Exercise: The answer should contain only the lines running from the line with "Victoria Mar Hostel *" to the end of the material, reproduced verbatim.

Given material:
Segment Open
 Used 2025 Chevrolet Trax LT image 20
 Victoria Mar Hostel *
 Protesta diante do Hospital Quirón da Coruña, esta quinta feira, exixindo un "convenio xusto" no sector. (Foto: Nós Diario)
Segment Closed
Answer area:
 Victoria Mar Hostel *
 Protesta diante do Hospital Quirón da Coruña, esta quinta feira, exixindo un "convenio xusto" no sector. (Foto: Nós Diario)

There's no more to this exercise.